* Listed entries:
########################################
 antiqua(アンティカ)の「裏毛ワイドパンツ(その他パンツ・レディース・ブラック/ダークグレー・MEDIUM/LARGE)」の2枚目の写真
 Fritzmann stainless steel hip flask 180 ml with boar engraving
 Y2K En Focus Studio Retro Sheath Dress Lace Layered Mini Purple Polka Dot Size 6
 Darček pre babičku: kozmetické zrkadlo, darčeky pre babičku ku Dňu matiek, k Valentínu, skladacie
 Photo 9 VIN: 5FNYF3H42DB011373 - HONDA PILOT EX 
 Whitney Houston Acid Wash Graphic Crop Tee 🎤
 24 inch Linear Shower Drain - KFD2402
########################################
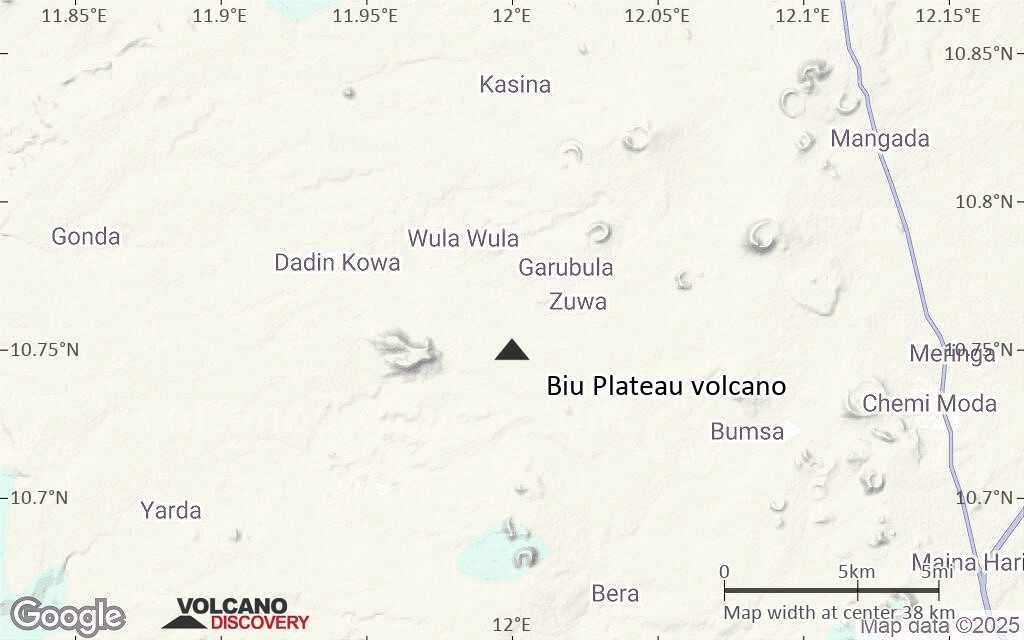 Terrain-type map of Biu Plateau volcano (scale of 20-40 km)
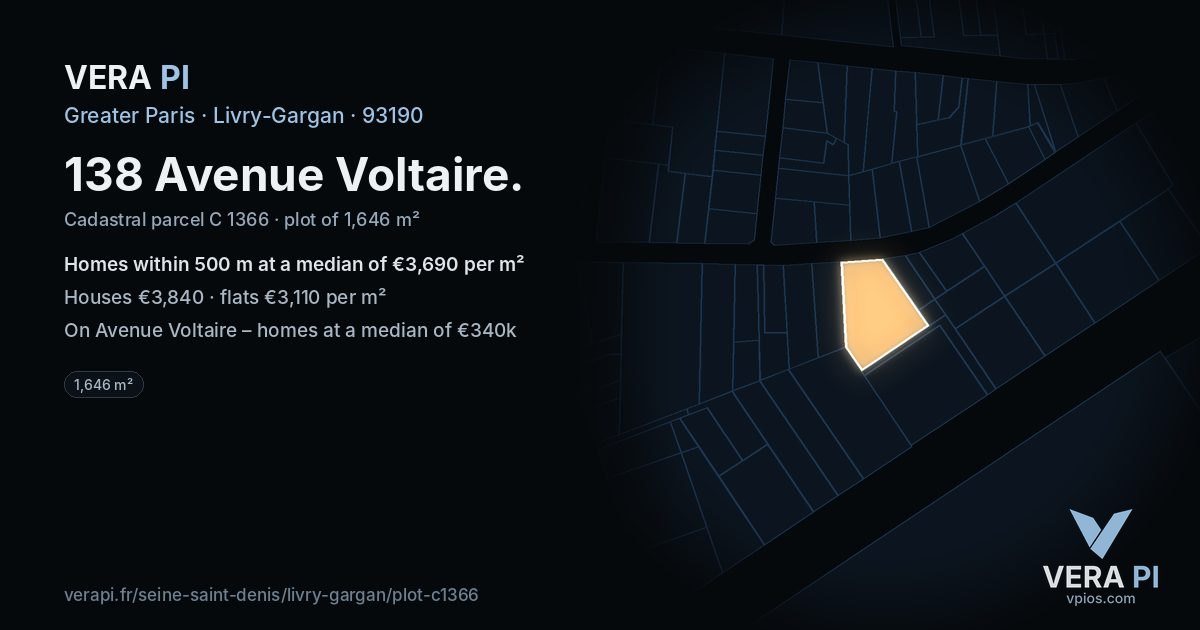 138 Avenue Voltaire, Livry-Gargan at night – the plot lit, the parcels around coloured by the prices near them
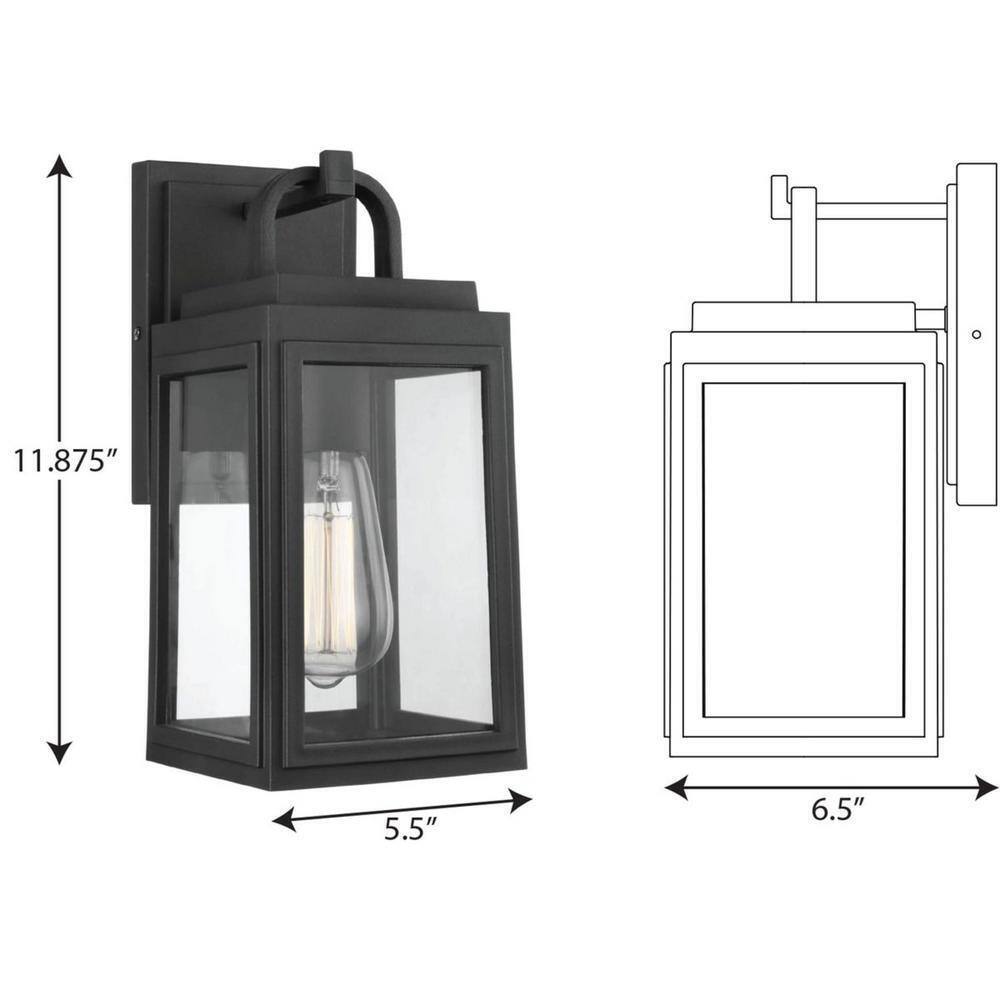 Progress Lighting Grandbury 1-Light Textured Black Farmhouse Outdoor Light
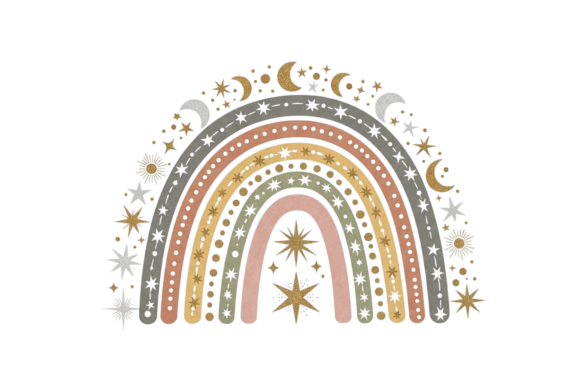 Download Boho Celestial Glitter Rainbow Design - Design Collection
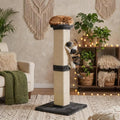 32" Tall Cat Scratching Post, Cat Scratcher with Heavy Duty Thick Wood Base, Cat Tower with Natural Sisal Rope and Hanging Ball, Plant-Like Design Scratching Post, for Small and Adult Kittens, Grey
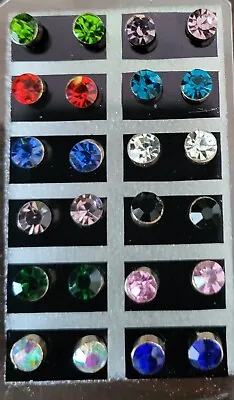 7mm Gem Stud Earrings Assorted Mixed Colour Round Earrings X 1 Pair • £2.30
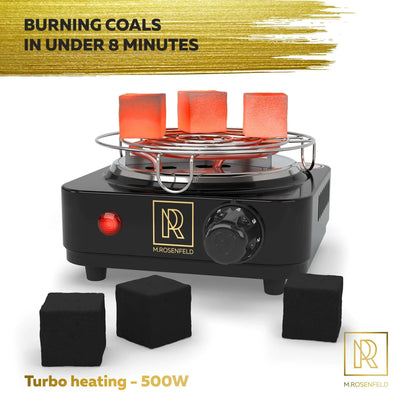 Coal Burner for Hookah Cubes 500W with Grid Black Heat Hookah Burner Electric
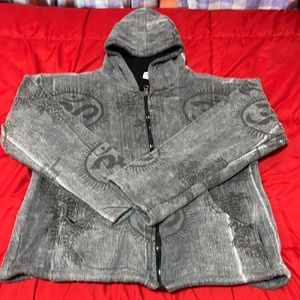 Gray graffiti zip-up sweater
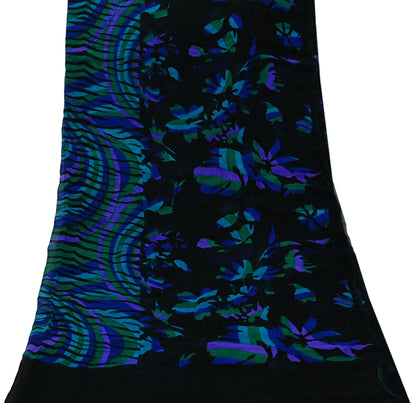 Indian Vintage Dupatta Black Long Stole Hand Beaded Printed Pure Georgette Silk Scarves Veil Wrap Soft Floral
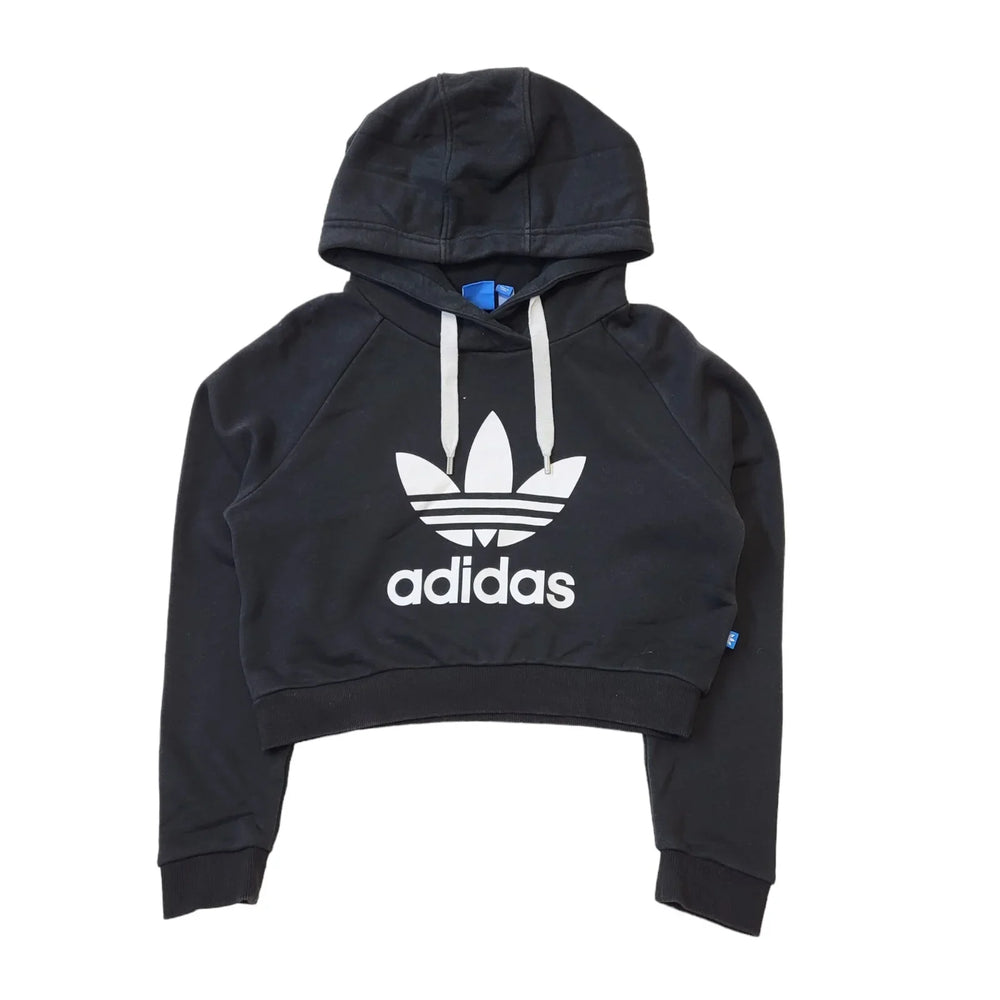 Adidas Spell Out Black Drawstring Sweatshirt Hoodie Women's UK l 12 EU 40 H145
########################################
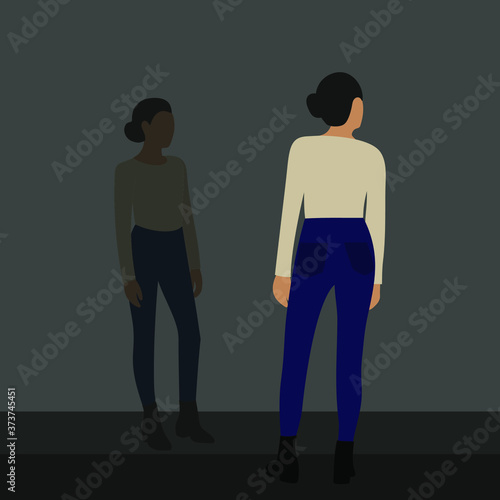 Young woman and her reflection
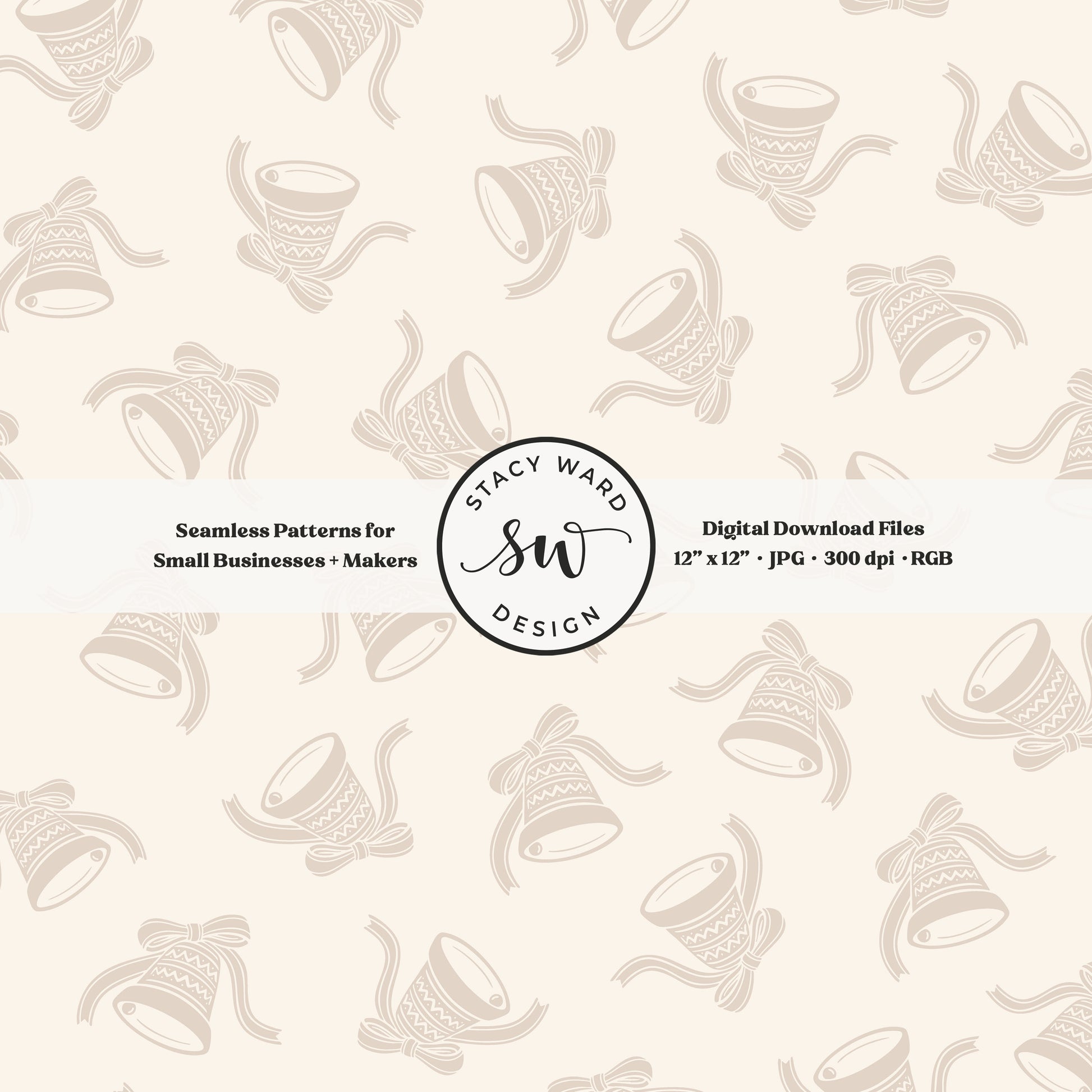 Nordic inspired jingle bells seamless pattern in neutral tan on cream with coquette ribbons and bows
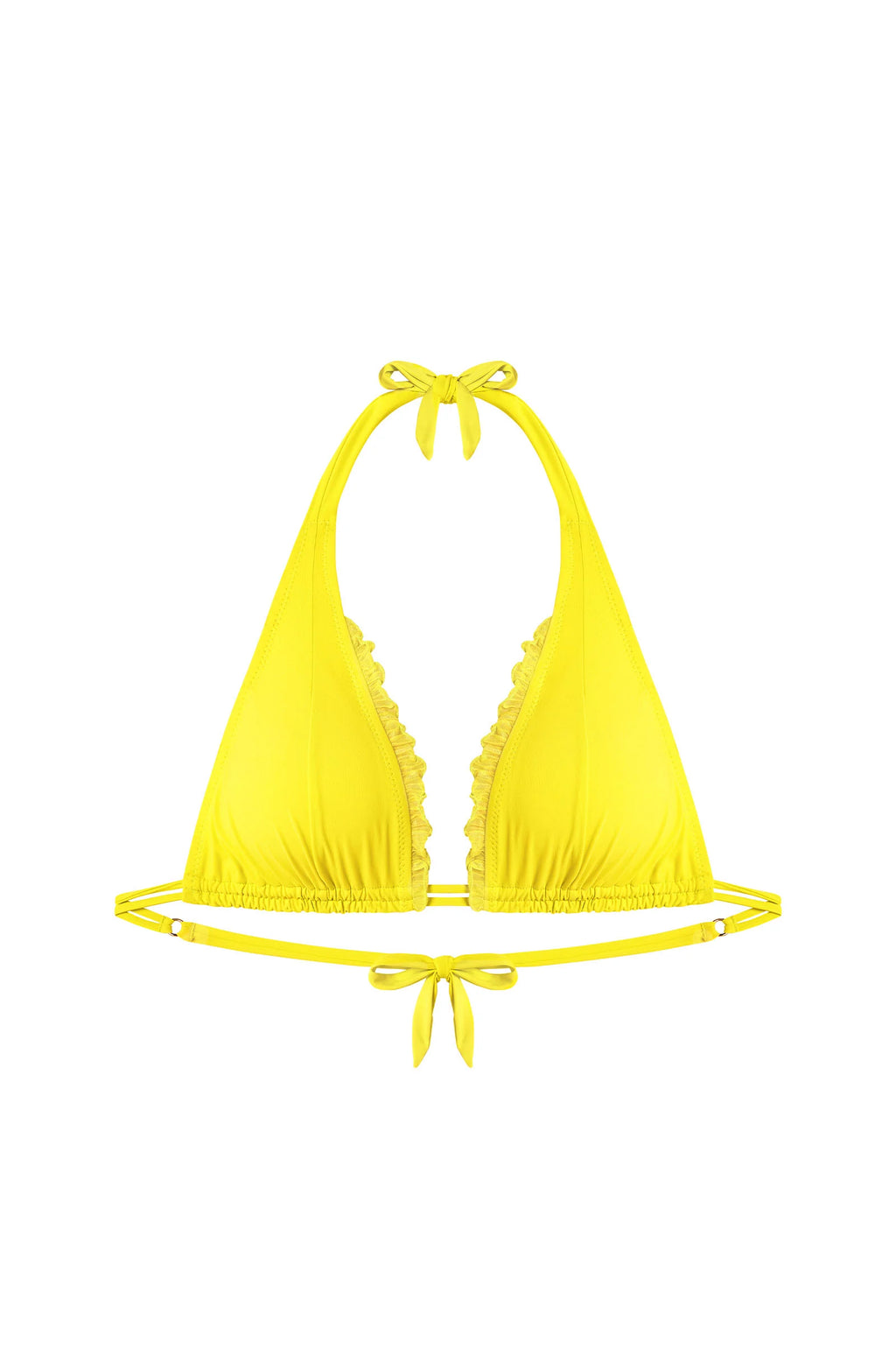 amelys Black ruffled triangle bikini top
########################################
* What needs to be done: Every line above between the one containing "Terrain-type map of" and the one containing "7mm Gem Stud", those two included, is to be printed exactly. No pictures go into the copy.

* Exercise output:
 Terrain-type map of Biu Plateau volcano (scale of 20-40 km)
 138 Avenue Voltaire, Livry-Gargan at night – the plot lit, the parcels around coloured by the prices near them
 Progress Lighting Grandbury 1-Light Textured Black Farmhouse Outdoor Light
 Download Boho Celestial Glitter Rainbow Design - Design Collection
 32" Tall Cat Scratching Post, Cat Scratcher with Heavy Duty Thick Wood Base, Cat Tower with Natural Sisal Rope and Hanging Ball, Plant-Like Design Scratching Post, for Small and Adult Kittens, Grey
 7mm Gem Stud Earrings Assorted Mixed Colour Round Earrings X 1 Pair • £2.30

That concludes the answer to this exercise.